When sanity finally returned, I pulled back out of his throat and fell back against a locker, panting like a marathon runner as he stood up. He stared between my legs, so I looked down, too.

Damn, I was still hard! The big fucker looked into my face and hissed, "I gotta have that," and he crawled onto the massage table, onto his hands and knees. He was truly magnificent, a human Hummer, angular and hard, broad and strong. "C'mon, man," he groaned like the last words on his deathbed, "C'mon and fuck me!"

The sight of him opened up to me was more than I could take--his buttocks were dusky boulders in the light from the overhead bulb, his sturdy thighs angled up from the table where his knees ground into the sheet. And at the apex of those round, hard pillars was the soft, winking target.

He leaned forward, dropping his chest as if doing a push-up, and his ass raised toward me, inviting me to take possession. "C'mon, sink that big cock in my ass. Fuck me!"

Blood pounding in my head, I pulled on a rubber, crawled onto the table behind him, and moved between those mighty thighs.

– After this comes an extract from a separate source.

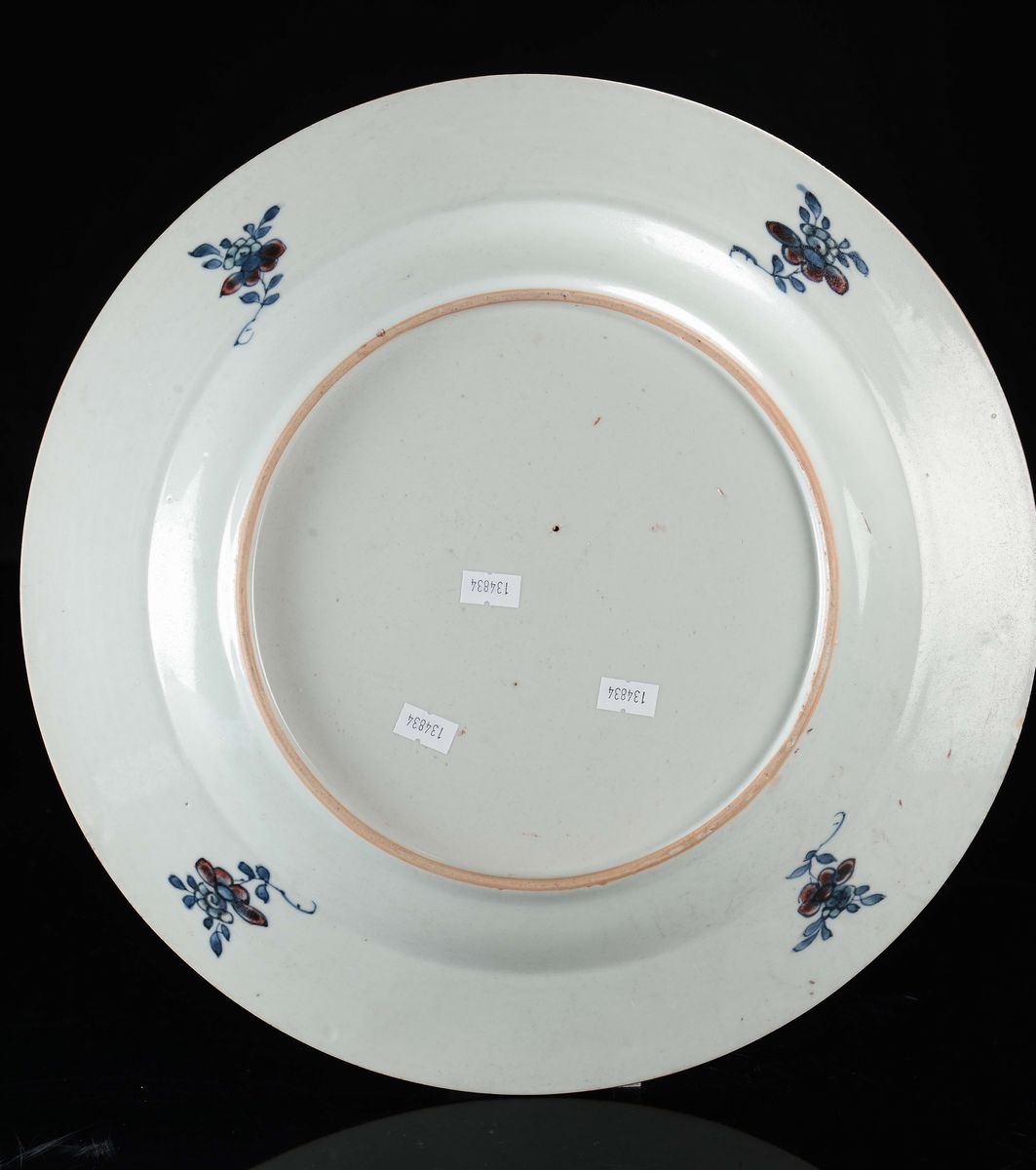 Piatto in porcellana Ducai con pagoda e maschera tibetana, Cina, Dinastia Qing, epoca Kangxi (166...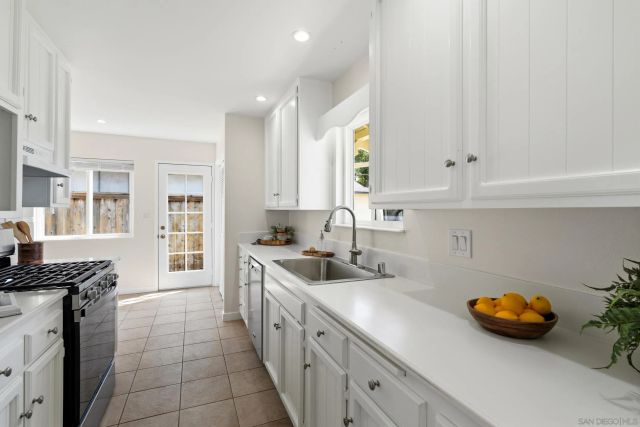 5354 PEYTON PLACE, San Diego, CA 92117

He spread his legs wider when he felt my hands on his hips, and I mounted. This will be the greatest fuck of my life. I smelled his heady musk as I moved my hands in the sweat on his hard, sweating flanks, and I was drunk again. With my cock-head at Heaven's gate, I felt a thundering power: I am the captain of this big ship! And he's begging for it!

I pushed against his hole, and he grunted, then as I punched through his security perimeter for his first time, he let out a low, bull's moan. Thrills shot up my spine. This big, male animal wants me inside him! He wants to be fucked!

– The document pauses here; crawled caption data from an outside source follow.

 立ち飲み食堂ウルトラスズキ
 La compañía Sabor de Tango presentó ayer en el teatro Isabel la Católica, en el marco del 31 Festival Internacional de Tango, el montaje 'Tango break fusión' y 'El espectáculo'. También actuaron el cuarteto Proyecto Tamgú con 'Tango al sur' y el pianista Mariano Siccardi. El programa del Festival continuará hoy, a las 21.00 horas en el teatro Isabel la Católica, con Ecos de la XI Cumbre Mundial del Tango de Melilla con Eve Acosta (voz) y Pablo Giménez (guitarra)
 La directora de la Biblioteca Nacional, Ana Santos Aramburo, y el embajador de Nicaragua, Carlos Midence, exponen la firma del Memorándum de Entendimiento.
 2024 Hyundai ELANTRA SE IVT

Sliding my cock up his ass to the very last inch was intense! With every millimeter, the delicious friction against his tight sphincter and the searing heat of his guts was like a near-death experience. When my cock-hairs ground into his ass, Checkitt's hole gripped my dong like a vise, and that connection became the only thing keeping me from floating away into the universe. Fucking Gunnery Sergeant Checkitt was more than sex, it was a transformation.

The heat grew to a roaring bonfire spreading from my balls throughout my body, and jism skyrocketed out of me in boiling rivers. Checkitt's hips lurched under me--he's cumming from the sensation of being fucked! He likes it! The big ox crouched there, a cock in his ass, climaxing his fucking brains out, shooting big spurts of semen onto the table.

When I finally fell back, something made me sit up with a start: *My finger had slipped off the On button!* The machine wasn't working! Oh, my God--it hasn't been on since the blow-job!

I looked at Checkitt, and he looked back into my eyes. He kissed me on the mouth. "Man," he said, "how did you know how much I love cock?"